Information given START

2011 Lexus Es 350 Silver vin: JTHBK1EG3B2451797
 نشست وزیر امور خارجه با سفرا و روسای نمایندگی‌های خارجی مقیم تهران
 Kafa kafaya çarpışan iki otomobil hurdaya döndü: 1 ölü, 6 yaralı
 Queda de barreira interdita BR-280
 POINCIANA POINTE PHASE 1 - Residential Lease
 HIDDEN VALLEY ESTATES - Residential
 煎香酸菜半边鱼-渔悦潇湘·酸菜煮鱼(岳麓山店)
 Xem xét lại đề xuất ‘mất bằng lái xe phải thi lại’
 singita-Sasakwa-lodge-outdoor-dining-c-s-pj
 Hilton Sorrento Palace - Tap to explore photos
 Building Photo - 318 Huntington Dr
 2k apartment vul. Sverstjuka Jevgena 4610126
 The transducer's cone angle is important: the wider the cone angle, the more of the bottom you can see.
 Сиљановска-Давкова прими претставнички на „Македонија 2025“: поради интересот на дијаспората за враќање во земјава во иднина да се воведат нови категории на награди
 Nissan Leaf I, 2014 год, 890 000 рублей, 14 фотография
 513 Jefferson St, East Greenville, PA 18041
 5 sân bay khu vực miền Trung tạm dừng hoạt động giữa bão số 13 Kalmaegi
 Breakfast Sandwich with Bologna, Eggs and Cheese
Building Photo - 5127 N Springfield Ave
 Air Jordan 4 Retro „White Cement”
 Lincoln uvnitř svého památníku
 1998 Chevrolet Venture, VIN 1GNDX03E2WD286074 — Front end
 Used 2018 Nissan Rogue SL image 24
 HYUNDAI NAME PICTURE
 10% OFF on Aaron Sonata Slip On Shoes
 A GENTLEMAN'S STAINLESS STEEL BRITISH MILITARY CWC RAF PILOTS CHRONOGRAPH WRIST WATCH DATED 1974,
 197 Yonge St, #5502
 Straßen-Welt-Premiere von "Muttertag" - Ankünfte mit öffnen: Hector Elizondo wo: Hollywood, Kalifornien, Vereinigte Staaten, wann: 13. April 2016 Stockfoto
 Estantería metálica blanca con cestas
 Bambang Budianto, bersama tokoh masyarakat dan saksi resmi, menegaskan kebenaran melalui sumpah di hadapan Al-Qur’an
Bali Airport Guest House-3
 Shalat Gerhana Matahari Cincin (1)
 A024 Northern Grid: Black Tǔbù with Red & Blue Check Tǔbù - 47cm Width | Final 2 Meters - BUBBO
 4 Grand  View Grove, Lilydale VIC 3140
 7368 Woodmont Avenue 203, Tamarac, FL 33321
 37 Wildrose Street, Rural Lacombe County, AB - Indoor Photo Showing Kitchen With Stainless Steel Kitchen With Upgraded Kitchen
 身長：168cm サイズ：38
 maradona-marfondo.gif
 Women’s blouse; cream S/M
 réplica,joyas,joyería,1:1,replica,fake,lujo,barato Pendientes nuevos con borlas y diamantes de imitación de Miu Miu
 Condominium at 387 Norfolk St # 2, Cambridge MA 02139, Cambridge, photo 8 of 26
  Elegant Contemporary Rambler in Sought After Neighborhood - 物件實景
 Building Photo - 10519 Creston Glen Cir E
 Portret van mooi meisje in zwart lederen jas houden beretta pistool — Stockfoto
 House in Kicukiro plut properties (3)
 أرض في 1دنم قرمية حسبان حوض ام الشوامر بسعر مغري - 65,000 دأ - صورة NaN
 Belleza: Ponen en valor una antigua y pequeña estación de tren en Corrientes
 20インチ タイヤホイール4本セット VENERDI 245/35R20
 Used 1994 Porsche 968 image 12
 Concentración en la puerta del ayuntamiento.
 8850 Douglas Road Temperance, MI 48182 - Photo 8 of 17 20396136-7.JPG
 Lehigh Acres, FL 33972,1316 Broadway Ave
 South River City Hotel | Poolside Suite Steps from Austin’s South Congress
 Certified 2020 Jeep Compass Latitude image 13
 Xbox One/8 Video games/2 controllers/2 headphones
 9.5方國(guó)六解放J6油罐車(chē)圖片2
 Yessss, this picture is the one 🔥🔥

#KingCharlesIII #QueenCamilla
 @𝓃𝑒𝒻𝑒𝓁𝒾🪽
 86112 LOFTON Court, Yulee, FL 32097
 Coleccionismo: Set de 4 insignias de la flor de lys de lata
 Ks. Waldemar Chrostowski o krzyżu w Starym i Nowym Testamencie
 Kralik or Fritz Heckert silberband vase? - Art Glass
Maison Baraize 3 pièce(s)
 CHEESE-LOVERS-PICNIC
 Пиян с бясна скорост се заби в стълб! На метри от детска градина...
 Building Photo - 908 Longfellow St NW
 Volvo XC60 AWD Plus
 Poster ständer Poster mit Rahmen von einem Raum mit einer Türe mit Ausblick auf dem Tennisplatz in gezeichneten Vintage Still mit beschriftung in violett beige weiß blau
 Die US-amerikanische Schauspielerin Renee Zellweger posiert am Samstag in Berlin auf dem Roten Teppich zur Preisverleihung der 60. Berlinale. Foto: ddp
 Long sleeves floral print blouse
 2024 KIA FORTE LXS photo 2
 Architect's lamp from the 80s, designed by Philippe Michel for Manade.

Information given END

◆ Task goal
What is needed is an exact copy of the lines from the one containing "37 Wildrose Street, Rural" through the last line of the records above, both included.

◆ Task answer
 37 Wildrose Street, Rural Lacombe County, AB - Indoor Photo Showing Kitchen With Stainless Steel Kitchen With Upgraded Kitchen
 身長：168cm サイズ：38
 maradona-marfondo.gif
 Women’s blouse; cream S/M
 réplica,joyas,joyería,1:1,replica,fake,lujo,barato Pendientes nuevos con borlas y diamantes de imitación de Miu Miu
 Condominium at 387 Norfolk St # 2, Cambridge MA 02139, Cambridge, photo 8 of 26
  Elegant Contemporary Rambler in Sought After Neighborhood - 物件實景
 Building Photo - 10519 Creston Glen Cir E
 Portret van mooi meisje in zwart lederen jas houden beretta pistool — Stockfoto
 House in Kicukiro plut properties (3)
 أرض في 1دنم قرمية حسبان حوض ام الشوامر بسعر مغري - 65,000 دأ - صورة NaN
 Belleza: Ponen en valor una antigua y pequeña estación de tren en Corrientes
 20インチ タイヤホイール4本セット VENERDI 245/35R20
 Used 1994 Porsche 968 image 12
 Concentración en la puerta del ayuntamiento.
 8850 Douglas Road Temperance, MI 48182 - Photo 8 of 17 20396136-7.JPG
 Lehigh Acres, FL 33972,1316 Broadway Ave
 South River City Hotel | Poolside Suite Steps from Austin’s South Congress
 Certified 2020 Jeep Compass Latitude image 13
 Xbox One/8 Video games/2 controllers/2 headphones
 9.5方國(guó)六解放J6油罐車(chē)圖片2
 Yessss, this picture is the one 🔥🔥

#KingCharlesIII #QueenCamilla
 @𝓃𝑒𝒻𝑒𝓁𝒾🪽
 86112 LOFTON Court, Yulee, FL 32097
 Coleccionismo: Set de 4 insignias de la flor de lys de lata
 Ks. Waldemar Chrostowski o krzyżu w Starym i Nowym Testamencie
 Kralik or Fritz Heckert silberband vase? - Art Glass
Maison Baraize 3 pièce(s)
 CHEESE-LOVERS-PICNIC
 Пиян с бясна скорост се заби в стълб! На метри от детска градина...
 Building Photo - 908 Longfellow St NW
 Volvo XC60 AWD Plus
 Poster ständer Poster mit Rahmen von einem Raum mit einer Türe mit Ausblick auf dem Tennisplatz in gezeichneten Vintage Still mit beschriftung in violett beige weiß blau
 Die US-amerikanische Schauspielerin Renee Zellweger posiert am Samstag in Berlin auf dem Roten Teppich zur Preisverleihung der 60. Berlinale. Foto: ddp
 Long sleeves floral print blouse
 2024 KIA FORTE LXS photo 2
 Architect's lamp from the 80s, designed by Philippe Michel for Manade.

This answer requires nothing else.